I am not sure to well understand what you are looking for. Sorry if my answer is not what you want.

If the question is only to plot $u(p)$ and nothing more, this seems too obvious : In your drawing software replace plot(p,u) by plot(u,p). Which means that for each point (p given and u computed) draw the pixel (u,p) i.e. abscisse=u and ordinate=p.

If you cannot do that, first plot $u(p)$ : next figure.

Then draw the symetric curve wrt the first bisectrice : next figure

I don't see any need to analytically solve the equation for $u$.

Note : The figures have been corrected ( There was a bug in the code for drawing them).

Answer 3

There is an analytical inverse of $$y = \frac{ (1 + x)^\frac{2}3 - (1 - x)^\frac{2}3}x$$ After a tedious series of cubing steps, $x$ is the solution of $$y^9 \,x^6+3 y^3 \left(9-4 y^3\right)\,x^4-6 y^3\,x^2+\left(27 y^3-64\right)=0$$ which is a cubic in $x^2$.

Since $\frac{4}{3}<y<2^{2/3}$, the discriminant of the cubic is positive.
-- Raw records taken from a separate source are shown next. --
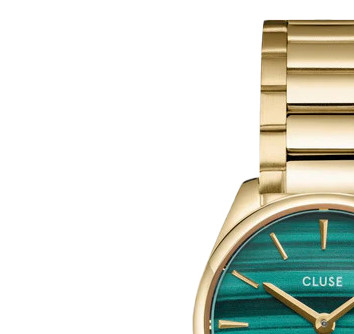 Cluse CW11702 Mini Steel Green Gold Colour - zegarek damski 4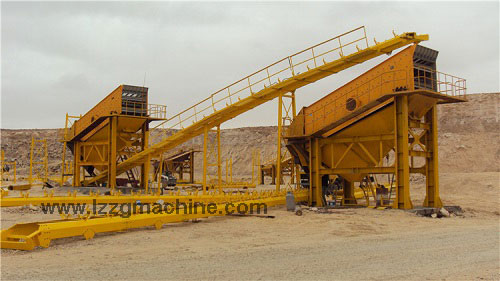 Silica sand circular screening machine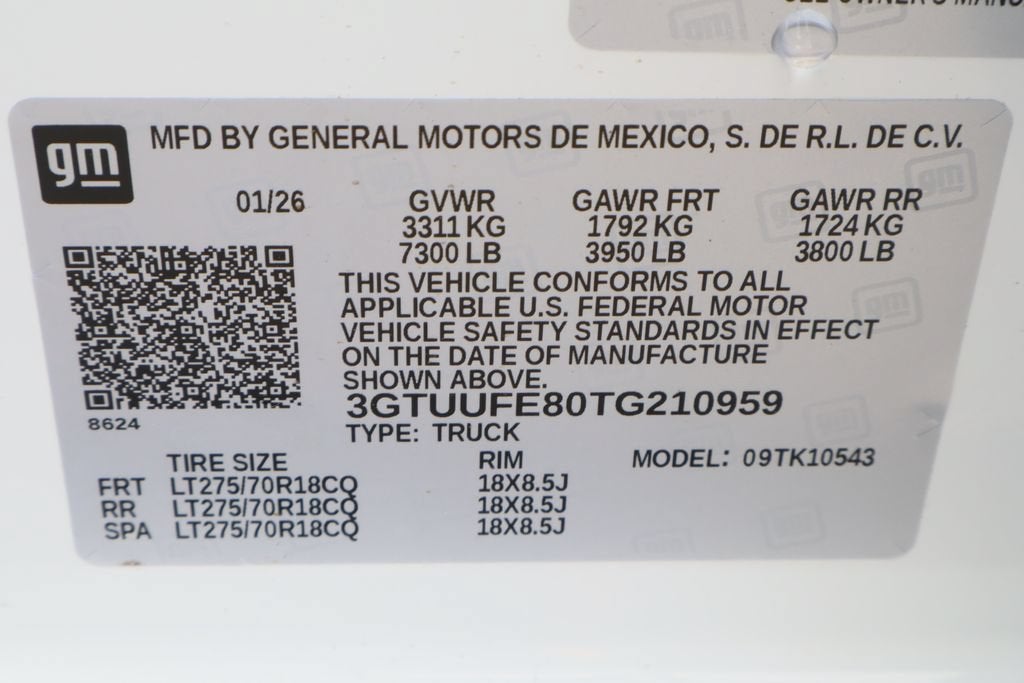 2026 GMC Sierra 1500 AT4X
Using the trigonometric method for three real roots, then $$x^2=\frac{4 y^3-9+6 \sqrt{2 y^6-8 y^3+9}\,\, \sin \left(\frac{1}{3} \sin ^{-1}\left(\frac{\left(y^3-4\right) \left(y^6-4 y^3+18\right) y^3+54}{2 \left(2 y^6-8 y^3+9\right)^{3/2}}\right)\right)}{y^6}$$ Consider the two branches $$x_\pm=\pm \sqrt{\frac{4 y^3-9+6 \sqrt{2 y^6-8 y^3+9}\,\, \sin \left(\frac{1}{3} \sin ^{-1}\left(\frac{\left(y^3-4\right) \left(y^6-4 y^3+18\right) y^3+54}{2 \left(2 y^6-8 y^3+9\right)^{3/2}}\right)\right)}{y^6} }$$ to have the whole curve.